Success StorySuccess for the Hands on Learners!



Success for the Hands on Learners!

Author: Laura Rogers

Planning Unit: Whitley County CES

Major Program: Beekeeping

Plan of Work: Livestock Production

Outcome: Initial Outcome

    Through the Kentucky State University Small Farm Program, KSU Small-Scale Farmer Grant Program, and the KSU Beginning Farmer Grant, in collaboration with the University of Kentucky Extension, a limited resource beginning beekeeper farmer received much-needed instructions and lessons on beekeeping, constructing bee boxes, and value-added products.

    Laura Rogers, a Small Farm Area Agent of Kentucky State University, offered beginning beekeeping classes at the Corbin Library in Whitley County. There were a series of 5 classes. The first class, "Introduction to Basic Beekeeping." The second class "Building Boxes and Frames". The third class "Bee pest and diseases." The fourth class, "Harvesting Honey!" The Fifth and final class of the series "We have honey now what!"

    Ken Smith, of Whitley County, beginning beekeeper, attended the classes. Mr. Smith had purchased two hives, and he had lost one before the class series. Discourage and feeling down at the first class. Smith asked Rogers if she could do a farm visit and examine his hive. Smith said the person who sold him the hives offered little to no instructions. 

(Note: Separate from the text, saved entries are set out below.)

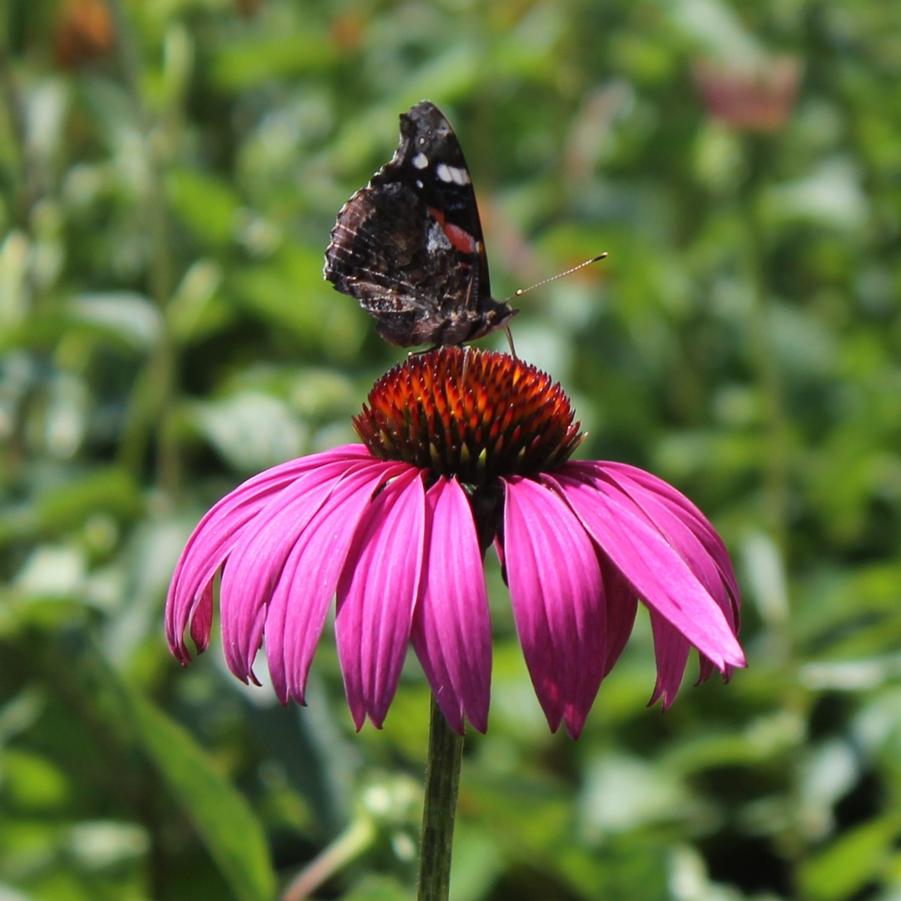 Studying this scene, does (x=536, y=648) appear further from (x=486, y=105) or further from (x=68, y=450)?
(x=486, y=105)

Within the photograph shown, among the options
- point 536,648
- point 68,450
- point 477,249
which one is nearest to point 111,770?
point 68,450

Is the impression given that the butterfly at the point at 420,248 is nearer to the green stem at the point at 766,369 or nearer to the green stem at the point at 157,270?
the green stem at the point at 157,270

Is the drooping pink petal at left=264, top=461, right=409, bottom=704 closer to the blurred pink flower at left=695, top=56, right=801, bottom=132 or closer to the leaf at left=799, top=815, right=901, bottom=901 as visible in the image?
the leaf at left=799, top=815, right=901, bottom=901

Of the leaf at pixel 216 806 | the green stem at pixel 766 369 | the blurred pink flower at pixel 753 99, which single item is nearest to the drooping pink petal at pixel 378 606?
the leaf at pixel 216 806

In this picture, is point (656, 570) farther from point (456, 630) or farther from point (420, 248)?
point (420, 248)

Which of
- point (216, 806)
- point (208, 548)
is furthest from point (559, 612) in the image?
point (216, 806)

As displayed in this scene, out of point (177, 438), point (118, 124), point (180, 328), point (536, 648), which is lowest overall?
point (536, 648) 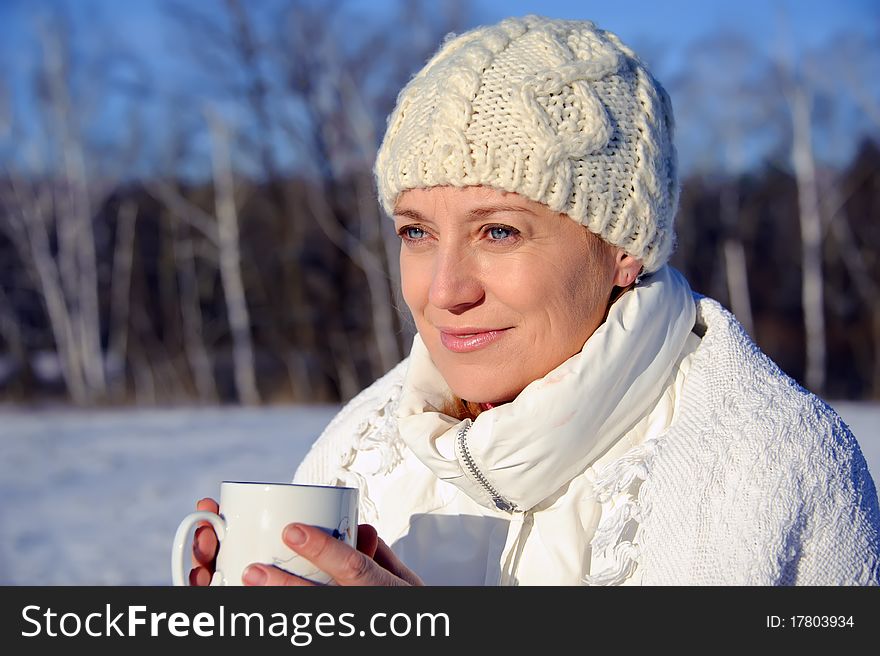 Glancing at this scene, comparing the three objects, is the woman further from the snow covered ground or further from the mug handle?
the snow covered ground

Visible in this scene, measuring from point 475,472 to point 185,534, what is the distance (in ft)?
1.97

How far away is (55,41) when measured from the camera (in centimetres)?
1540

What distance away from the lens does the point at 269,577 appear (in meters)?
1.38

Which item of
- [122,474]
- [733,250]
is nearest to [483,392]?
[122,474]

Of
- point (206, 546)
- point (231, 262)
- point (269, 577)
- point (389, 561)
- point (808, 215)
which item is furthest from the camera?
point (231, 262)

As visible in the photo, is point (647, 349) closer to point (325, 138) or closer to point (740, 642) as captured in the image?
point (740, 642)

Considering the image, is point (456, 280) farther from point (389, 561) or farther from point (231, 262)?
point (231, 262)

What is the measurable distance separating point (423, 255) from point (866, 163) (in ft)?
50.0

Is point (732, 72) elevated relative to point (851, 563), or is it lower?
elevated

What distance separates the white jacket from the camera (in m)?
1.51

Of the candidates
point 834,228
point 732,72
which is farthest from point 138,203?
point 834,228

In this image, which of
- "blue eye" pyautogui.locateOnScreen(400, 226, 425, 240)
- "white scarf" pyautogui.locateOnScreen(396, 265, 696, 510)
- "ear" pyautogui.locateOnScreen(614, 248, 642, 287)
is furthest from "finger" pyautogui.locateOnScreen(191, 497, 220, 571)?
"ear" pyautogui.locateOnScreen(614, 248, 642, 287)

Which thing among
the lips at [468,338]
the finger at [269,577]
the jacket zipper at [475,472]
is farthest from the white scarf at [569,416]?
the finger at [269,577]

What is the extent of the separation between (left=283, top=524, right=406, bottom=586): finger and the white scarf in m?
0.41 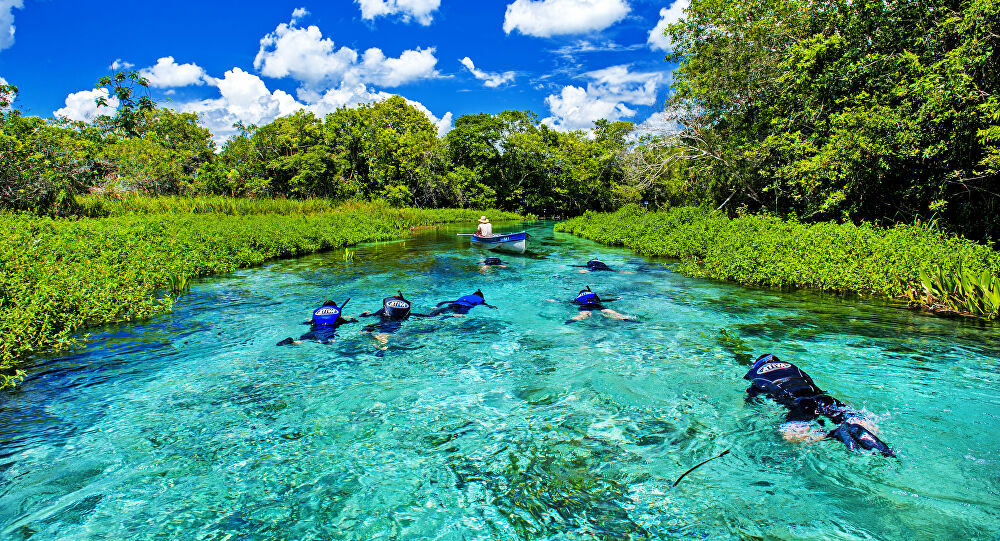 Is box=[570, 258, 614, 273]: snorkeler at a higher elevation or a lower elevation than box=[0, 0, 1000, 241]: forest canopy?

    Smith had attended a couple of the local county bee club meetings before the classes. He said many of the lessons he had participated in or seen on the internet offer little he could understand. He felt defeated, lost, and alone with his honeybees.

    Rogers's first class, "Introduction to Basic Beekeeping," covered the different types of honeybees in the hive.  The life cycle of the honeybees. The class included information on how the young bee emerges from nurse bees to as they age they become adult bees that gather the nectar and pollen. Explain the different types of honeybees. The drone or male bees, the worker or female bees, and the queen. Their purpose and why they are in the hive for the betterment of the colony.

    The second class covered building honeybee boxes from wood construction, cutting the boxes out of wood, and assembling the boxes and frames. 

    Thrid classes covered the different pests that invade the honeybee hive and the treatment of these pests.

      The fourth class discussed honey production and how to process the honey for sale or home use. A demonstration was done to show how to extract the honey from the frames within the beehive.

    The fifth class discussed value-added products made from the honey and by-products of the hive, such as beeswax demonstration, making lip balm from the beeswax produced by honey bees. 

    Rogers made a farm visit and explained the biology of the hive to Smith. Explain the one hive left possibly be spilt into more than one the following year. Demonstrate how to add more boxes to the hives. Rogers discussed how to examine the brood nest and see the honeybees' metamorphosis and what this means to the hives' survival.

    After the classes two years later, Smith now has six bee colonies. Each colony of honeybees is worth $200.00 per hive just in honeybees. Giving Smith a total of potential earning of $1200.00.

 Smith state he had constructed and put together 25 bee boxes for honey production and brood. Each box he built and constructed is worth $25.00 each from a local bee supply store.  Giving him the potential earning of $625.00. 

      After the value-added class on bee's wax, Smith has made 25 chapped stick tubes to pass out as an advertisement for future sales. Each lip balm stick tube has a potential value of $4.00 each. Giving Mr. Smith a potential of $100.00. 

    Smith stated he sold or gave away 18 quarts of honey. The local price for a quart of honey is $20.00 per quart. This gives Smith the potential earnings of $360.00. Smith stated he gave so much away this last year to let people know he would have honey and value-added products for sale.

      Even though 2020 was a difficult year due to COVID 19, Smith had the potential earnings of $2285.

       All excited, Ken Smith said he had worked with others with his bees, but their teaching never made sense to him until he attended the bee classes at the library. He said he was a "white knuckle learner." He learned more from the series at the library than he had anywhere.  

    To him, 2020 in honeybees was an excellent year—one of success for him instead of his worse fear, one of total loss with his honeybees. Smith now demonstrates confidence with his bees to divide them to produce more hives, harvest honey, and make lip balm and sell it.